By Kristine Rushing, COO | Insurance Division
This blog post is in response to NPR’s investigation, “Business Of Disaster: Insurance Firms Profited $400 Million After Sandy”
Sometimes the media can really skew a situation to create a reaction against something or someone, and in this case, it’s against the insurance companies.
Flood is a federal program with set rates that are determined by NFIP or the National Flood Insurance Program. NFIP was created in 1968 by Congress to provide flood insurance protection to property owners, in return for local government commitment to sound floodplain management and flood disaster mitigation efforts. Since 1983, NFIP allowed insurance companies to deliver and service flood policies in their own name. Keep in mind that the policy coverages and rates are set by NFIP and not the insurance companies.
As mentioned in the article, “This is a fee-for-service operation,” said Hartwig, president of the Insurance Information Institute. “The federal government determines what the appropriate payment is.” In theory, homeowners shouldn’t be shortchanged because the insurance companies are only acting as a middleman between FEMA and the homeowners making claims, essentially contracting with the government to evaluate damage and assess compensation, which is true.
The claims payment and what is covered is determined by the actual cause of loss and the coverages provided by the coverage form. So in essence, some of the circumstances in the article could really be situational based on the actual cause of loss, whether the homeowner had flood coverage, if the damage was actually caused by flood, if it was caused by flood then was the home a primary home, secondary or rental home.
Hartwig’s statement, “The vast majority of those individuals who in fact did have coverage are happy with their insurance companies and they’re happy with the way the process unfolded for them” leads me to believe the perception of having coverage by a homeowner may have also been an issue.

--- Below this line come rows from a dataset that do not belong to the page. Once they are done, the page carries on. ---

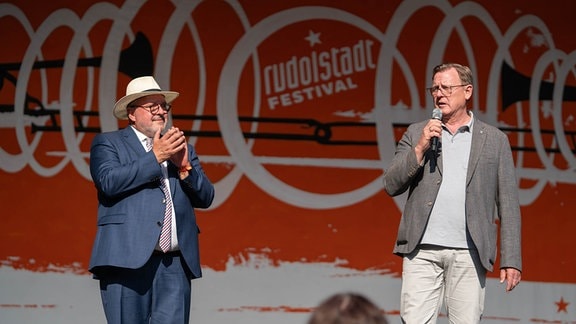 Thüringens Ministerpräsident Bodo Ramelow steht gemeinsam mit Bürgermeister Jörg Reichl auf der Bühne, um das Rudolstadt-Festival 2023 zu eröffnen.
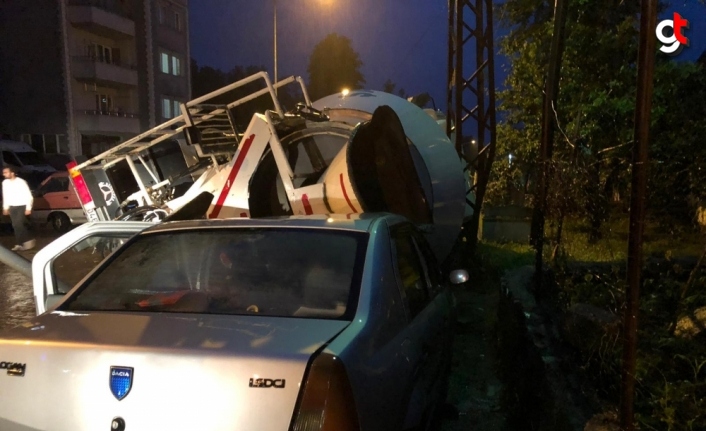 Rize'de çöken yoldaki beton mikseri otomobilin üzerine devrildi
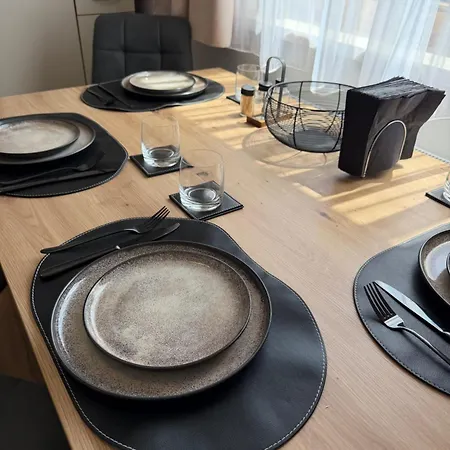 Premium Jr - Modern Design & Free Parking Appartement *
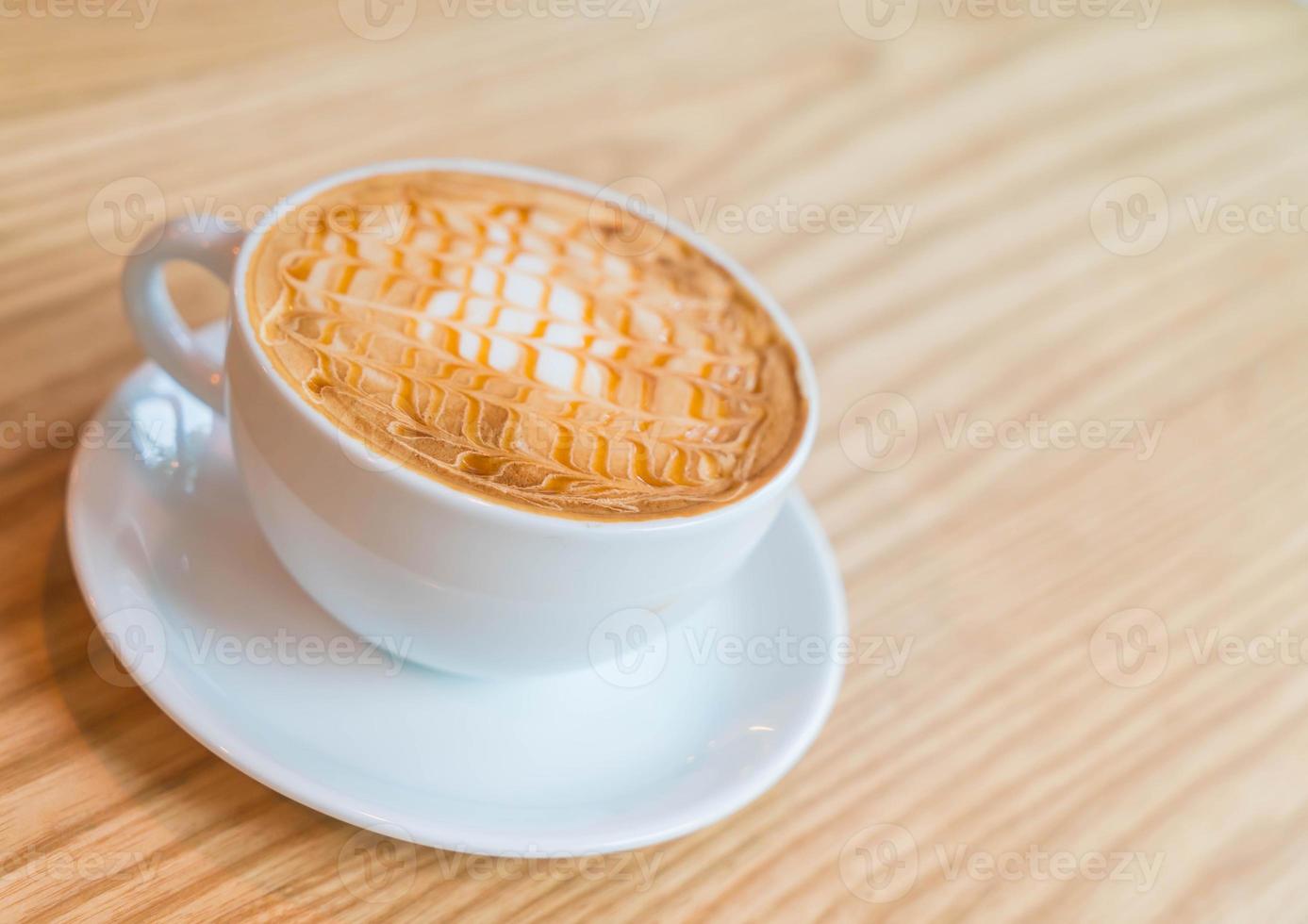 Macchiato de caramelo quente em cafeteria foto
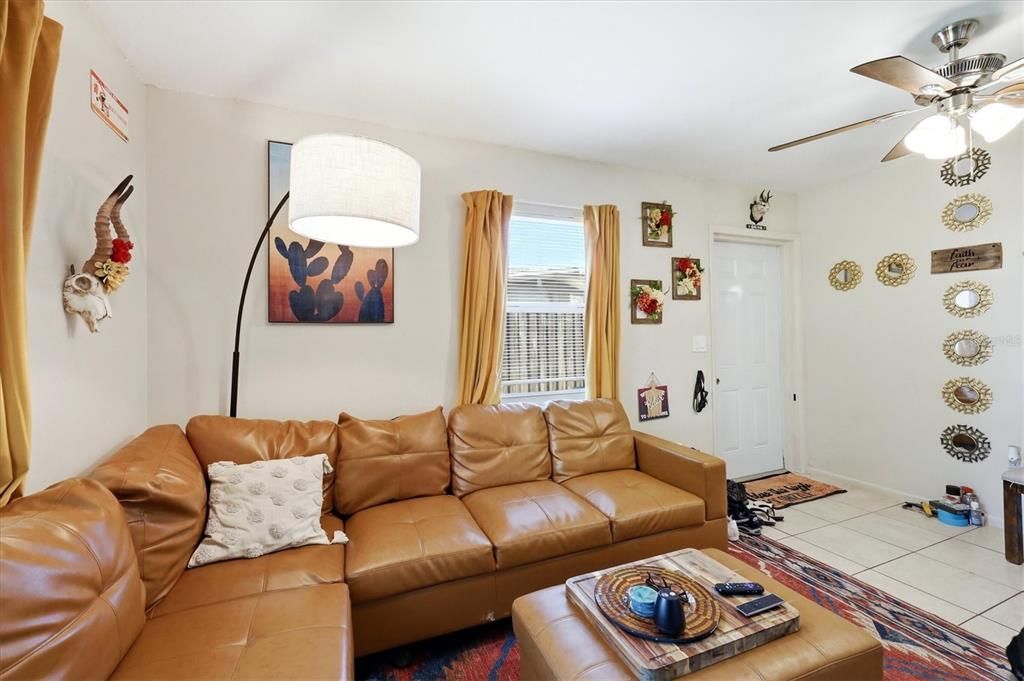 En Venta: $449,000 (5 camas, 0 baños, 2236 Pies cuadrados)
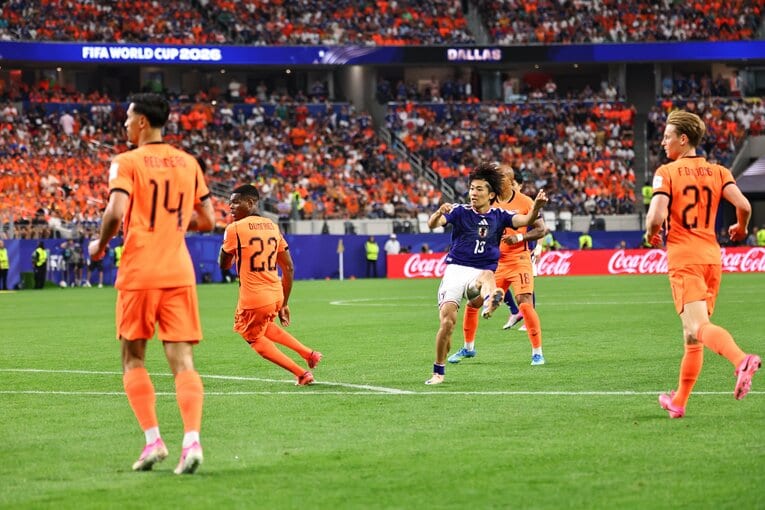 「フットサルのようだった」中村のシュートに「フランス2部とは思えない」と感嘆　©Ryosuke Menju/JMPA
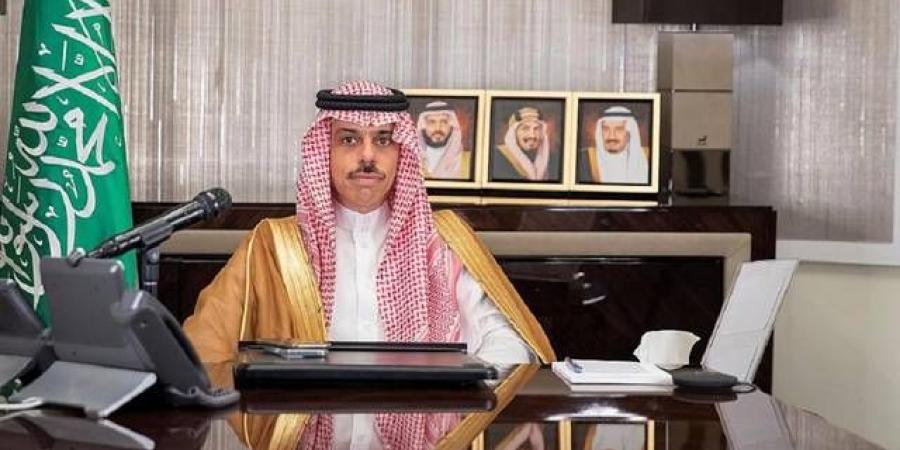 وزير الخارجية يبحث مع نظرائه في 3 دول خليجية العلاقات والتطورات الإقليمية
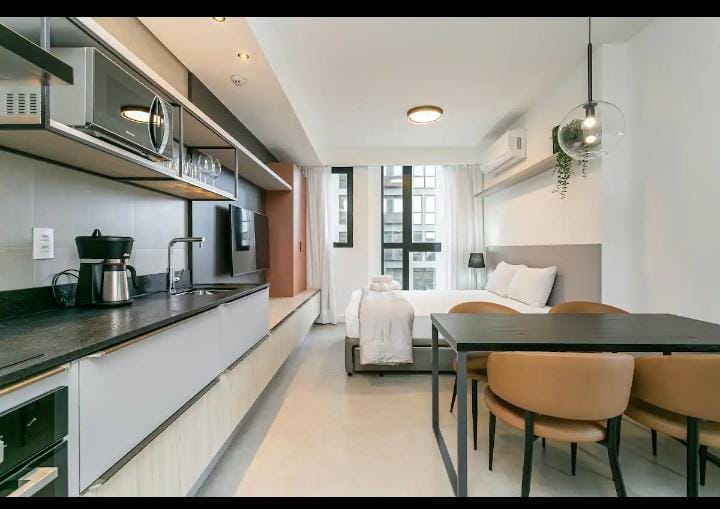 Studio Moderno com ar e academia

I’m also perplexed by this statement by Jeff Coolidge after reviewing adjusters’ files for multiple insurance companies after Superstorm Sandy. He says he quit his job in part because he was so bothered by what he was doing. The insurance firms he worked for used phrases like “pre-existing,” “earth movement” or “ground settlement” to reject homeowners’ claims of flood damage. “They use ‘settlement’ a lot. ‘Sorry your house looks like it shifted to the left a little bit, but I think it was like that when you bought it,’” Coolidge said.
The NFIP policy forms have been updated and revised several times since 2010. A few of the exclusions found in 2010 are:
–Loss of revenue or profits
–Loss of use of the insured property or described location
–Any additional living expenses incurred while the insured building is being repaired or is unable to be occupied for any reason
–A loss directly or indirectly caused by a flood that is already in progress at the time and date of the policy term begins or for loss to property caused directly by earth movement even if the earth movement is caused by flood (i.e. earthquake; landslide; land subsidence; sinkholes; destabilization or movement of land that results from accumulation of water in subsurface land area or gradual erosion.)
“‘The idea of the original program was brilliant,’ says Robert Hunter, who ran the flood program in the 1970s. ‘The program would become less and less expensive because people would be building safer and safer structures and … the program would become self-sufficient and carry its own weight and not lose money.’ But that has never happened. The program has run deficits from the beginning. In the 1980s it was $700 million in debt. In the 1990s, it was $1 billion in debt. And today, after Katrina and Sandy, the program is $23 billion in the red.”
I agree that there does need to be reform with the flood program which is currently being addressed by legislatures. Included in this reform is securing adequate rates to ensure that the program sustains the flood activity that we’ve seen since 1980.
It really bothers me that insurance companies are always broadly painted in a negative manner. The primary intention of insurance is to make a client whole again after sustaining a loss and not for the insured to profit. Insurance is also not intended to be a maintenance program for the upkeep of the home or building. It’s intended to respond to catastrophic damage that the insured may face.